The Sad State Of The English National Team And The Premier League

I saw England win the World Cup in 1966. On TV I will admit but I saw it. The players are legends now and held in the highest esteem, one of which is Sir Bobby Charlton.

I also saw United beat Benfica at the very same Wembley in 1968. George Best was alongside the very same Bobby Charlton. Golden years.

Since then Liverpool dominated Europe and alongside Nottingham Forest and Aston Villa, we were by far the best league in Europe.

Of course that as all 40 years and more ago, in Brazil it will be 48 years since we won the World Cup and we might not even qualify after failing to beat anyone except San Marino in qualifying. How low can we go?

In Europe our top 4 couldn’t reach the last 8. That’s terrible, and Chelsea joined Manchester City in not making it past the group stage, the first time in history a winner failed to get thru the group the following year. How low can we go?

Manchester United are by far the best team in England and perhaps could have beaten Real Madrid but for a referee who made a howler of a mistake, and will easily win the league, perhaps by a record margin. However the league itself is no longer competitive.

Huge gaps have opened leaving the likes of Liverpool in a group with Stoke that are now not in Europe’s top 20.

United are still in the elite group but Spurs, City, Chelsea and Spurs are also fans at home and in Europe. They are below the same tier in Germany and Italy and far behind the top 6 in Spain.

The national team show us where we are in Europe.

Surely the lowest standard of first tier professional football in 40 years.

Add to that the debt burden carried by these teams. Liverpool are £80m in debt, United hocked to the eyeballs, Chelsea and City are hopelessly supported by men who have no history of the sport, like he Glazers just playing with them like toys. The players vastly overpaid to under-perform.

It’s time to wake up and realize this can’t continue.

Stupid money for mediocre talent to fail to deliver on anything beyond the domestic stage shows its time to rethink the game in the UK.

Some salary caps, some home grown quotas and some restriction on transfer fees is needed to restore some values and some pride, and competitiveness into the Premier League.
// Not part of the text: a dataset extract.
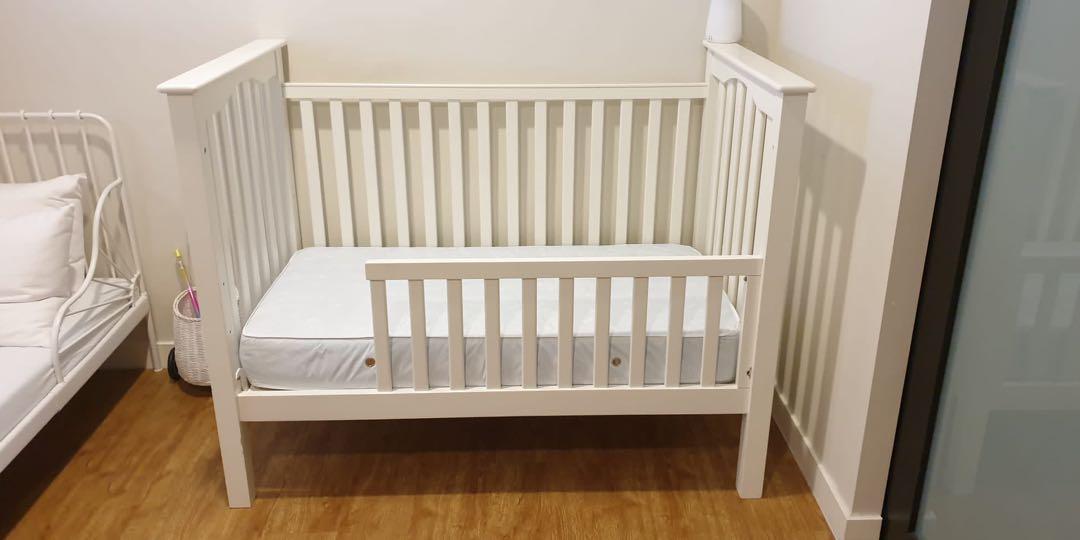 Pottery Barn Kendall Crib Mattress, Babies Kids, Baby Nursery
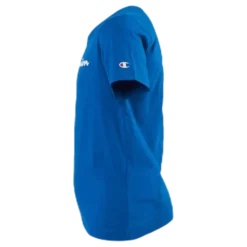 Crewneck T-Shirt Junior Blue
I’m not one who supports restraint of trade agreements but right now we are in crisis and the answer is to fix the game in our country and make it worth watching again.

It’s time to restore the values we believe in, which are hard work, integrity and pride.

England may well have 3 Lions on their shirt and I want them to roar again, maybe City can even discover what the 3 stars on their shirt really mean.